**Task:** Your response should consist of the entire listing, transcribed exactly, with every image left out.

= = = =

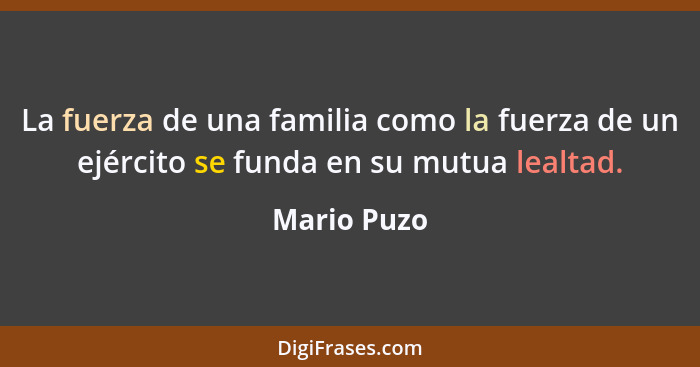 La fuerza de una familia como la fuerza de un ejército se funda en su mutua lealtad.... - Mario Puzo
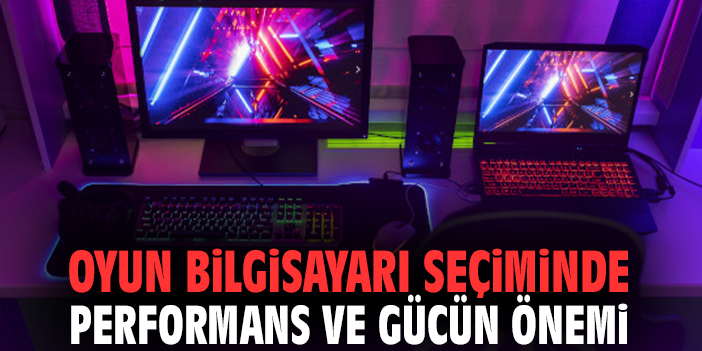 Oyun Bilgisayarı Seçiminde Performans ve Gücün Önemi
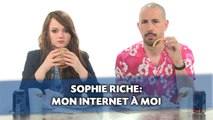 Sophie Riche: Mon Internet à moi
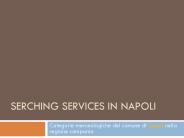 Serching Services in Napoli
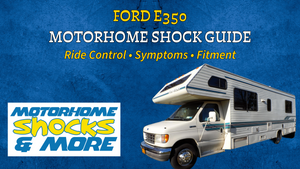 Ford E350 Motorhome Shock Guide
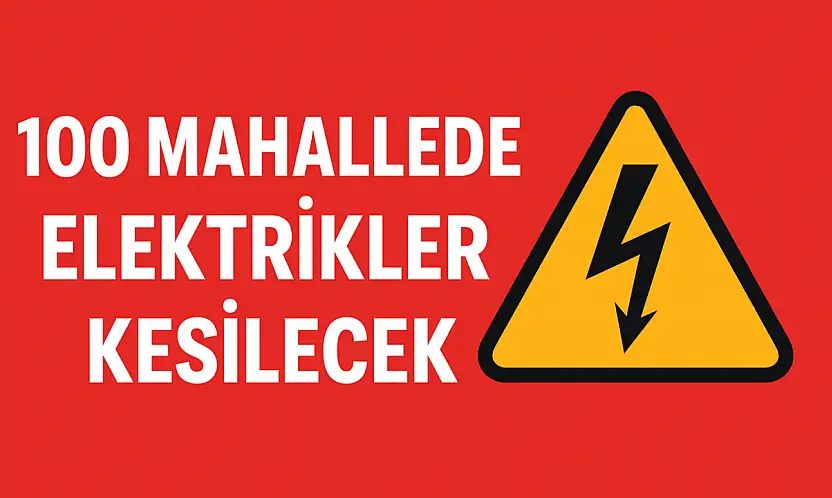 100 Mahallede Elektrikler Kesilecek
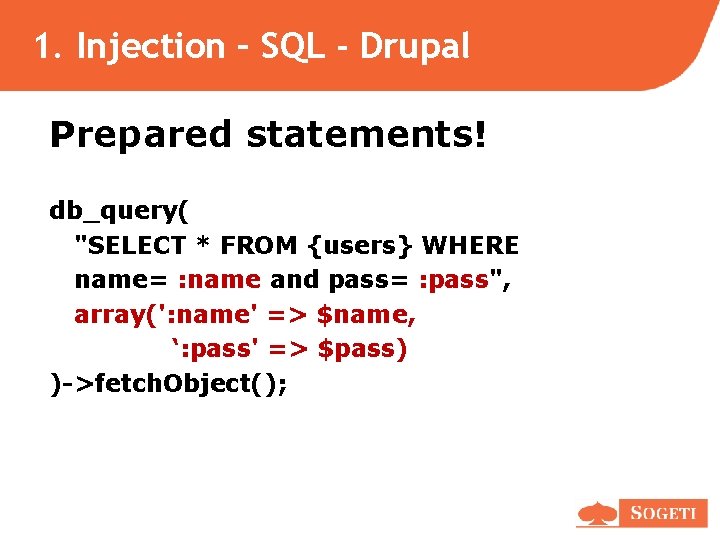 1. Injection – SQL - Drupal Prepared statements! db_query( "SELECT * FROM {users} WHERE 1. Injection – SQL - Drupal Prepared statements! db_query( "SELECT * FROM {users} WHERE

= = = =

**Solution to this problem:**
 La fuerza de una familia como la fuerza de un ejército se funda en su mutua lealtad.... - Mario Puzo
 Oyun Bilgisayarı Seçiminde Performans ve Gücün Önemi
 Sophie Riche: Mon Internet à moi
 Serching Services in Napoli
 Ford E350 Motorhome Shock Guide
 100 Mahallede Elektrikler Kesilecek
 1. Injection – SQL - Drupal Prepared statements! db_query( "SELECT * FROM {users} WHERE 1. Injection – SQL - Drupal Prepared statements! db_query( "SELECT * FROM {users} WHERE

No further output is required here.